**EXERCISE GOAL:** Every line of the data should be written out exactly, with the pictures left out.
BEGIN GIVEN INFORMATION
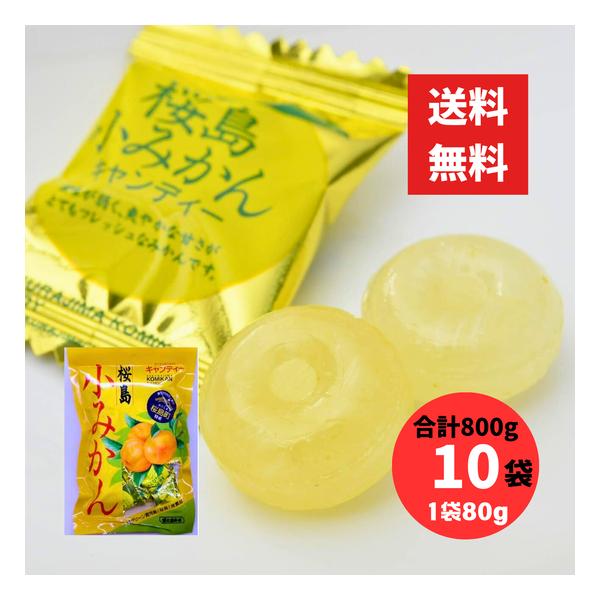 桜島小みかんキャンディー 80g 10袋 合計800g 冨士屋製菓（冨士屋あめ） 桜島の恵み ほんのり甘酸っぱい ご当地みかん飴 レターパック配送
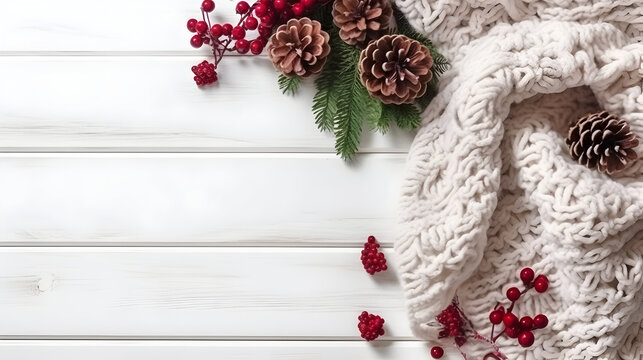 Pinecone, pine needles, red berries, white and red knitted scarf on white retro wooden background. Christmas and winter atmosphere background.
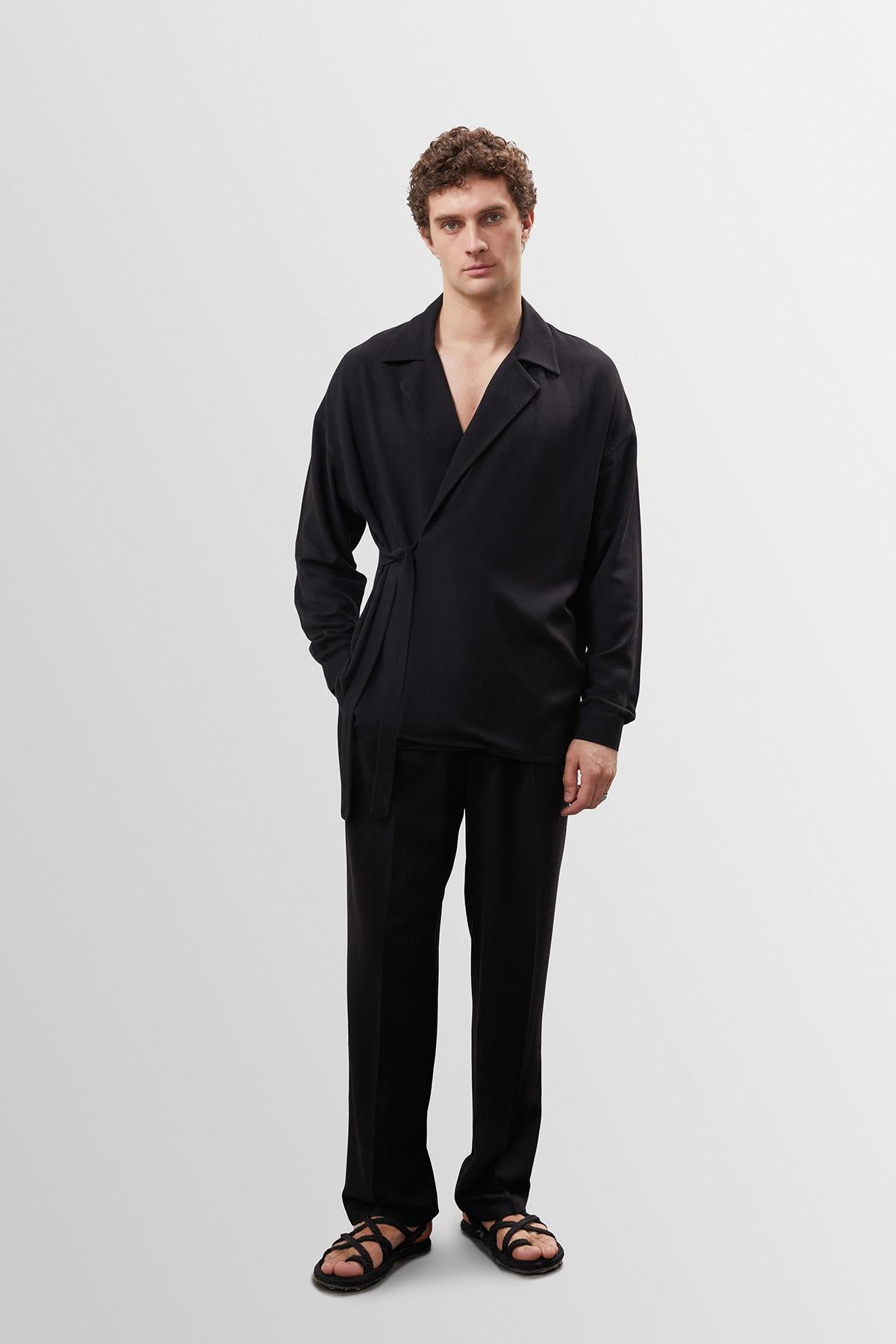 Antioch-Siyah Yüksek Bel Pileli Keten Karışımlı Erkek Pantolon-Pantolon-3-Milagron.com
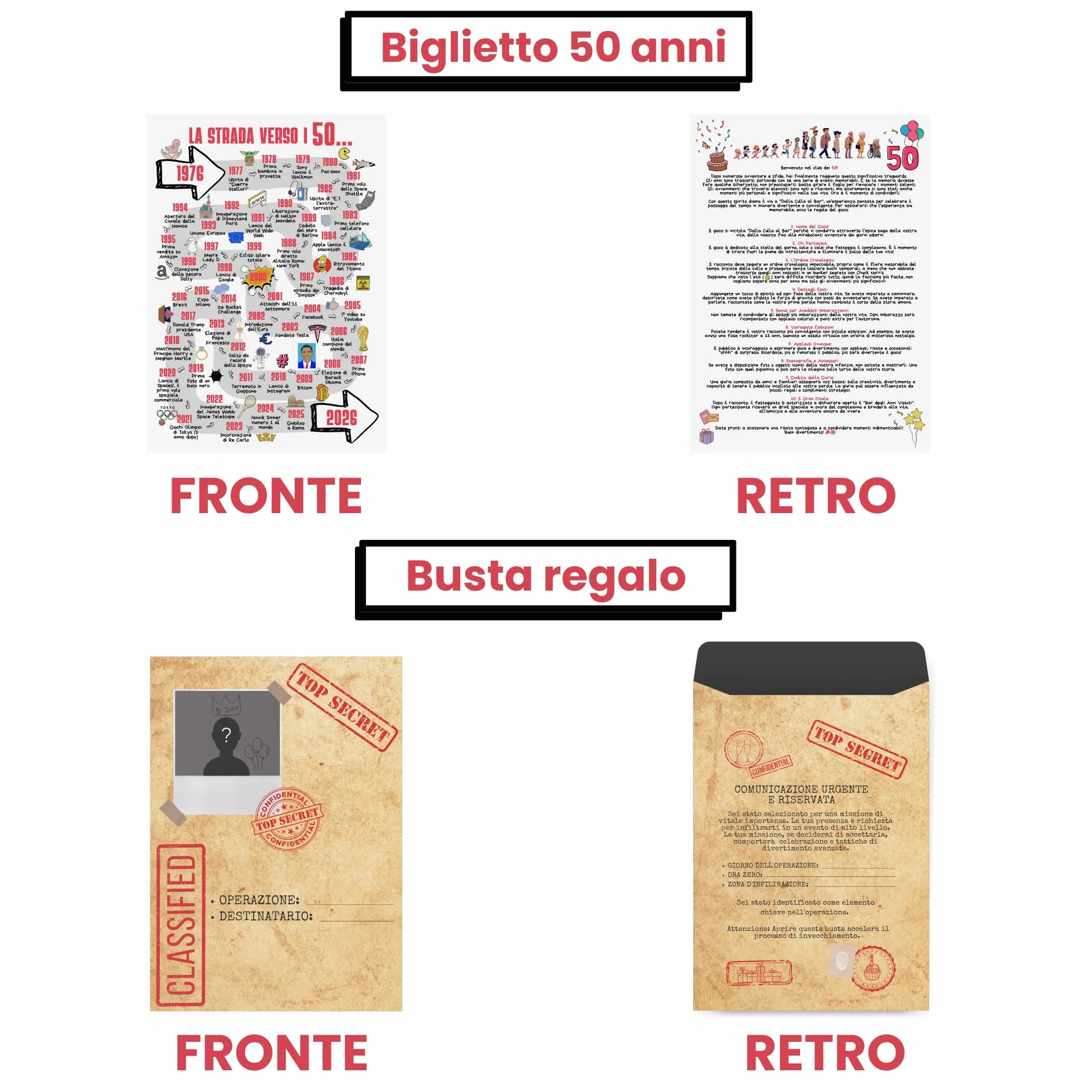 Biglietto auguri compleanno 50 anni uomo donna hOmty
END GIVEN INFORMATION
**ANSWER AREA:**
 桜島小みかんキャンディー 80g 10袋 合計800g 冨士屋製菓（冨士屋あめ） 桜島の恵み ほんのり甘酸っぱい ご当地みかん飴 レターパック配送
 Pinecone, pine needles, red berries, white and red knitted scarf on white retro wooden background. Christmas and winter atmosphere background.
 Antioch-Siyah Yüksek Bel Pileli Keten Karışımlı Erkek Pantolon-Pantolon-3-Milagron.com
 Biglietto auguri compleanno 50 anni uomo donna hOmty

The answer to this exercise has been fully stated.